[patch 128/200] mm, page_alloc: move draining pcplists to page isolation users

Andrew Morton <akpm@xxxxxxxxxxxxxxxxxxxx> · Mon, 14 Dec 2020 19:10:56 -0800

From: Vlastimil Babka <vbabka@xxxxxxx>
Subject: mm, page_alloc: move draining pcplists to page isolation users

Currently, pcplists are drained during set_migratetype_isolate() which
means once per pageblock processed start_isolate_page_range().  This is
somewhat wasteful.  Moreover, the callers might need different guarantees,
and the draining is currently prone to races and does not guarantee that
no page from isolated pageblock will end up on the pcplist after the
drain.

Better guarantees are added by later patches and require explicit actions
by page isolation users that need them.  Thus it makes sense to move the
current imperfect draining to the callers also as a preparation step.

Link: https://lkml.kernel.org/r/20201111092812.11329-7-vbabka@xxxxxxx
Suggested-by: David Hildenbrand <david@xxxxxxxxxx>
Suggested-by: Pavel Tatashin <pasha.tatashin@xxxxxxxxxx>
Signed-off-by: Vlastimil Babka <vbabka@xxxxxxx>
Reviewed-by: David Hildenbrand <david@xxxxxxxxxx>
Reviewed-by: Oscar Salvador <osalvador@xxxxxxx>
Acked-by: Michal Hocko <mhocko@xxxxxxxx>
Signed-off-by: Andrew Morton <akpm@xxxxxxxxxxxxxxxxxxxx>
---

 mm/memory_hotplug.c |   11 ++++++-----
 mm/page_alloc.c     |    2 ++
 mm/page_isolation.c |   10 +++++-----
 3 files changed, 13 insertions(+), 10 deletions(-)
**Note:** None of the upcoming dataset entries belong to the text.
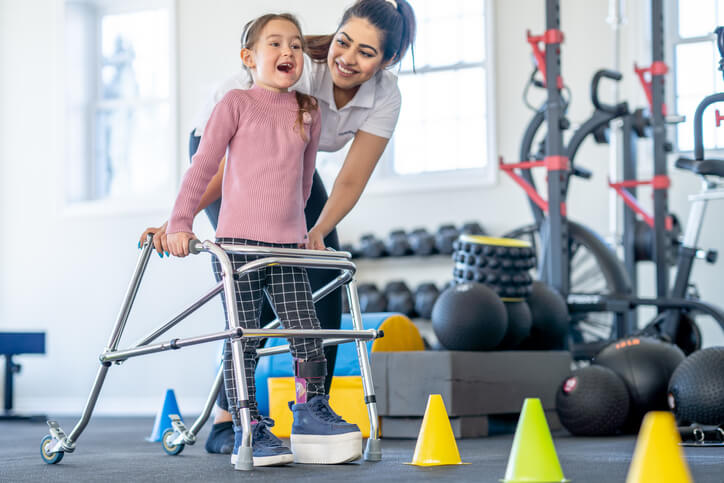 young girl doing physical therapy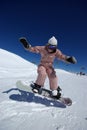 Beautiful snowboarder jumping Royalty Free Stock Photo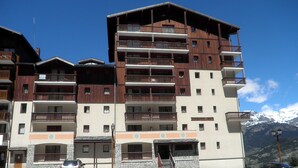 Un hotel a più piani con balconi, facciata in pietra e parcheggio.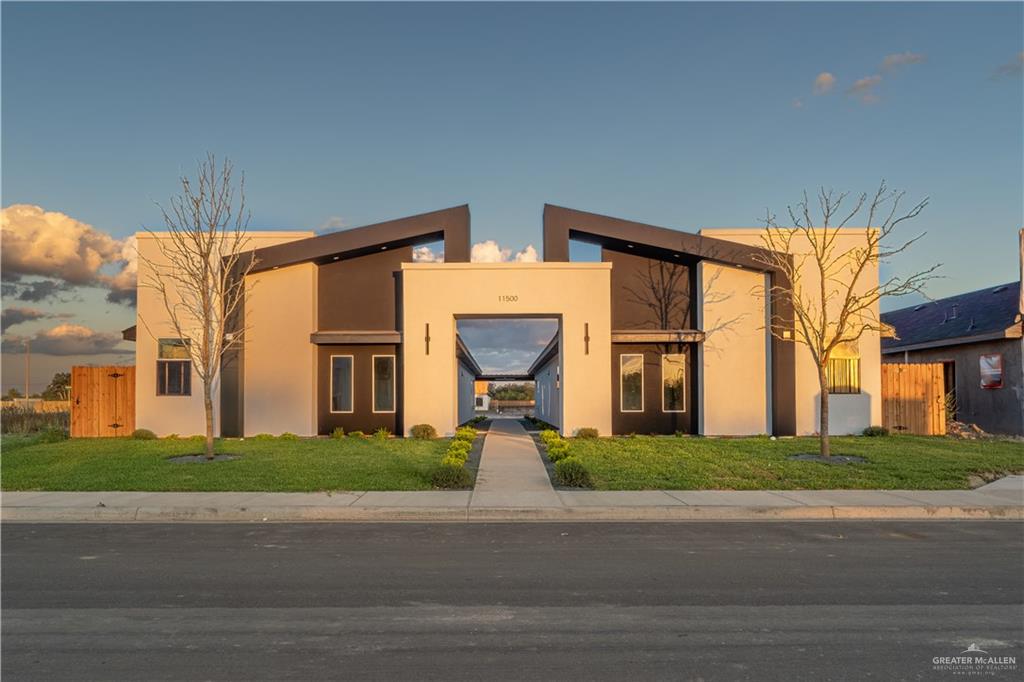 11500 North 25th Lane, Unit 2 McAllen, TX 78504 - Photo 2 of 19 a front view of a house with a garden and pathway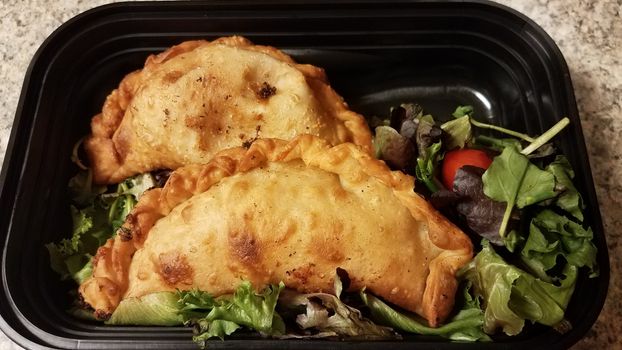 Puerto Rican fried beef turnover and salad in container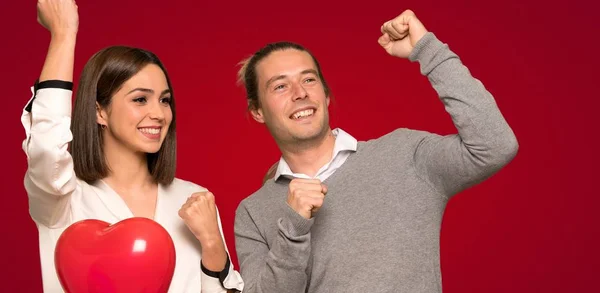 Couple in valentine day celebrating a victory over red background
--- a/mm/memory_hotplug.c~mm-page_alloc-move-draining-pcplists-to-page-isolation-users
+++ a/mm/memory_hotplug.c
@@ -1500,6 +1500,8 @@ int __ref offline_pages(unsigned long st
 		goto failed_removal;
 	}
 
+	drain_all_pages(zone);
+
 	arg.start_pfn = start_pfn;
 	arg.nr_pages = nr_pages;
 	node_states_check_changes_offline(nr_pages, zone, &arg);
@@ -1550,11 +1552,10 @@ int __ref offline_pages(unsigned long st
 		}
 
 		/*
-		 * per-cpu pages are drained in start_isolate_page_range, but if
-		 * there are still pages that are not free, make sure that we
-		 * drain again, because when we isolated range we might
-		 * have raced with another thread that was adding pages to pcp
-		 * list.
+		 * per-cpu pages are drained after start_isolate_page_range, but
+		 * if there are still pages that are not free, make sure that we
+		 * drain again, because when we isolated range we might have
+		 * raced with another thread that was adding pages to pcp list.
 		 *
 		 * Forward progress should be still guaranteed because
 		 * pages on the pcp list can only belong to MOVABLE_ZONE
--- a/mm/page_alloc.c~mm-page_alloc-move-draining-pcplists-to-page-isolation-users
+++ a/mm/page_alloc.c
@@ -8528,6 +8528,8 @@ int alloc_contig_range(unsigned long sta
 	if (ret)
 		return ret;
 
+	drain_all_pages(cc.zone);
+
 	/*
 	 * In case of -EBUSY, we'd like to know which page causes problem.
 	 * So, just fall through. test_pages_isolated() has a tracepoint
--- a/mm/page_isolation.c~mm-page_alloc-move-draining-pcplists-to-page-isolation-users
+++ a/mm/page_isolation.c
@@ -49,7 +49,6 @@ static int set_migratetype_isolate(struc
 
 		__mod_zone_freepage_state(zone, -nr_pages, mt);
 		spin_unlock_irqrestore(&zone->lock, flags);
-		drain_all_pages(zone);
 		return 0;
 	}
 
@@ -172,11 +171,12 @@ __first_valid_page(unsigned long pfn, un
  *
  * Please note that there is no strong synchronization with the page allocator
  * either. Pages might be freed while their page blocks are marked ISOLATED.
- * In some cases pages might still end up on pcp lists and that would allow
+ * A call to drain_all_pages() after isolation can flush most of them. However
+ * in some cases pages might still end up on pcp lists and that would allow
  * for their allocation even when they are in fact isolated already. Depending
- * on how strong of a guarantee the caller needs drain_all_pages might be needed
- * (e.g. __offline_pages will need to call it after check for isolated range for
- * a next retry).
+ * on how strong of a guarantee the caller needs, further drain_all_pages()
+ * might be needed (e.g. __offline_pages will need to call it after check for
+ * isolated range for a next retry).
  *
  * Return: 0 on success and -EBUSY if any part of range cannot be isolated.
  */
_